The problem = Transcribe the records below exactly, leaving out any pictures.

(Records drawn from a dataset)
- - -

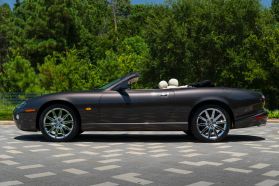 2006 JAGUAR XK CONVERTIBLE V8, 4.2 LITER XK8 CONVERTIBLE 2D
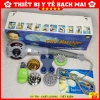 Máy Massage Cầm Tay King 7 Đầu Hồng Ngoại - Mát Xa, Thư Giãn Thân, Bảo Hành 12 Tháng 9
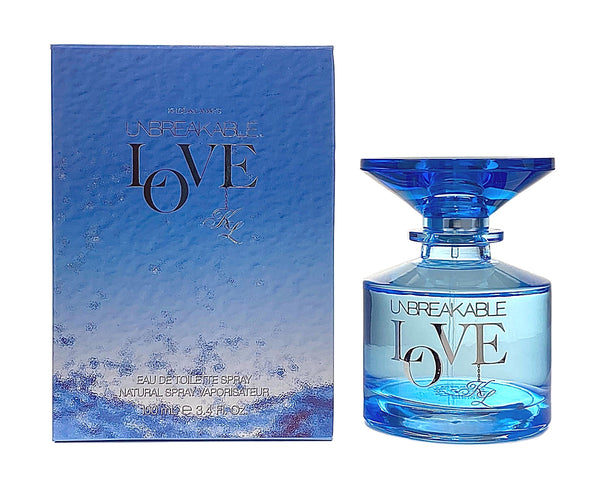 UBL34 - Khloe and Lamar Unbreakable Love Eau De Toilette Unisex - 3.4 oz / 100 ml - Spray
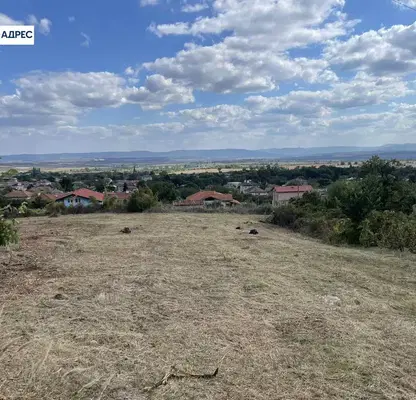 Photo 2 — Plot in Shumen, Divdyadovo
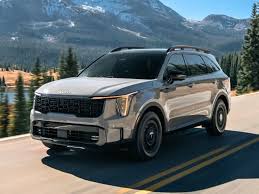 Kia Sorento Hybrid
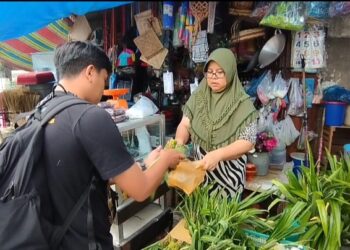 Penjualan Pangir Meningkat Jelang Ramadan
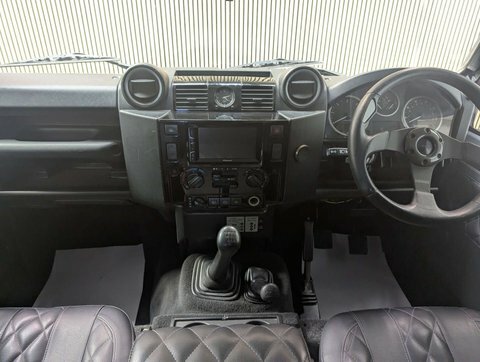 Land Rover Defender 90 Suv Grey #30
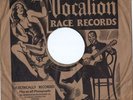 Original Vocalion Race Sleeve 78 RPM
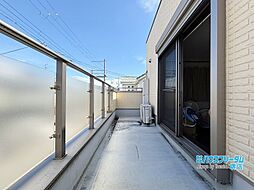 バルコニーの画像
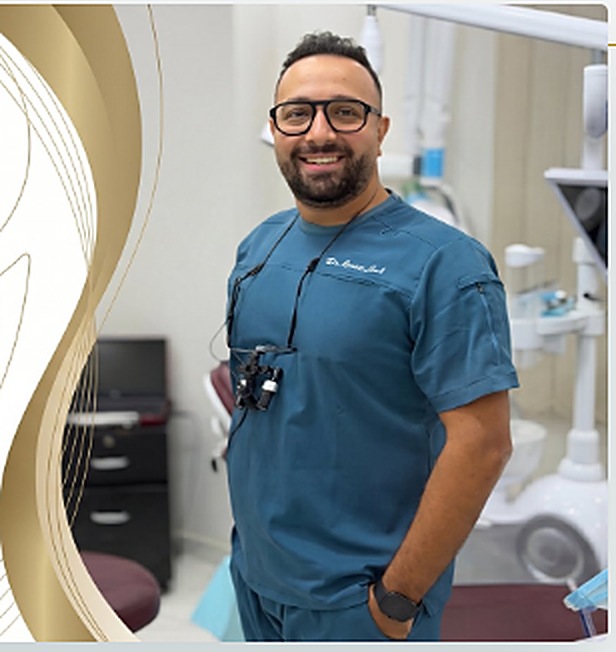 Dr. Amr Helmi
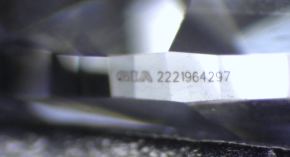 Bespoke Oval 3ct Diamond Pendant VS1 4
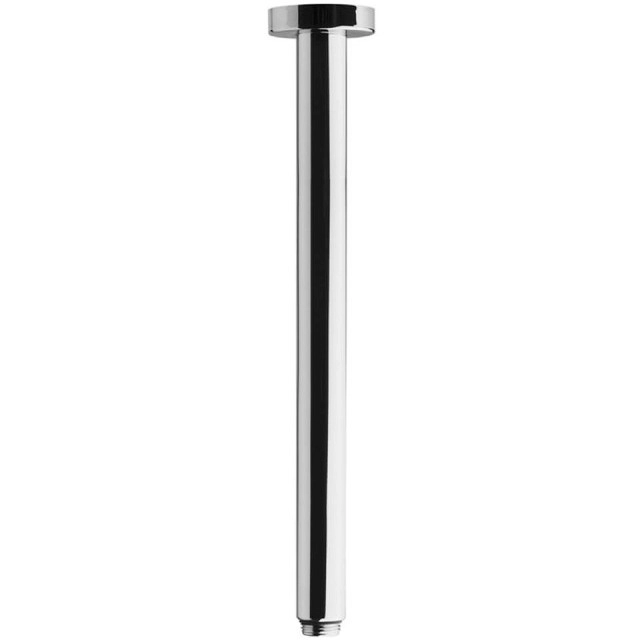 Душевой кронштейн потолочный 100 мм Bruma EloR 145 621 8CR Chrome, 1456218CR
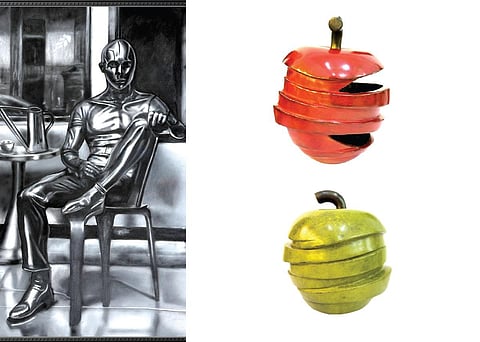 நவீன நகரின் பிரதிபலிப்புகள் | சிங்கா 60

- - -

Finished task =
 2006 JAGUAR XK CONVERTIBLE V8, 4.2 LITER XK8 CONVERTIBLE 2D
 Máy Massage Cầm Tay King 7 Đầu Hồng Ngoại - Mát Xa, Thư Giãn Thân, Bảo Hành 12 Tháng 9
 UBL34 - Khloe and Lamar Unbreakable Love Eau De Toilette Unisex - 3.4 oz / 100 ml - Spray
 Photo 2 — Plot in Shumen, Divdyadovo
 Kia Sorento Hybrid
 Penjualan Pangir Meningkat Jelang Ramadan
 Land Rover Defender 90 Suv Grey #30
 Original Vocalion Race Sleeve 78 RPM
 バルコニーの画像
 Dr. Amr Helmi
 Bespoke Oval 3ct Diamond Pendant VS1 4
 Душевой кронштейн потолочный 100 мм Bruma EloR 145 621 8CR Chrome, 1456218CR
 நவீன நகரின் பிரதிபலிப்புகள் | சிங்கா 60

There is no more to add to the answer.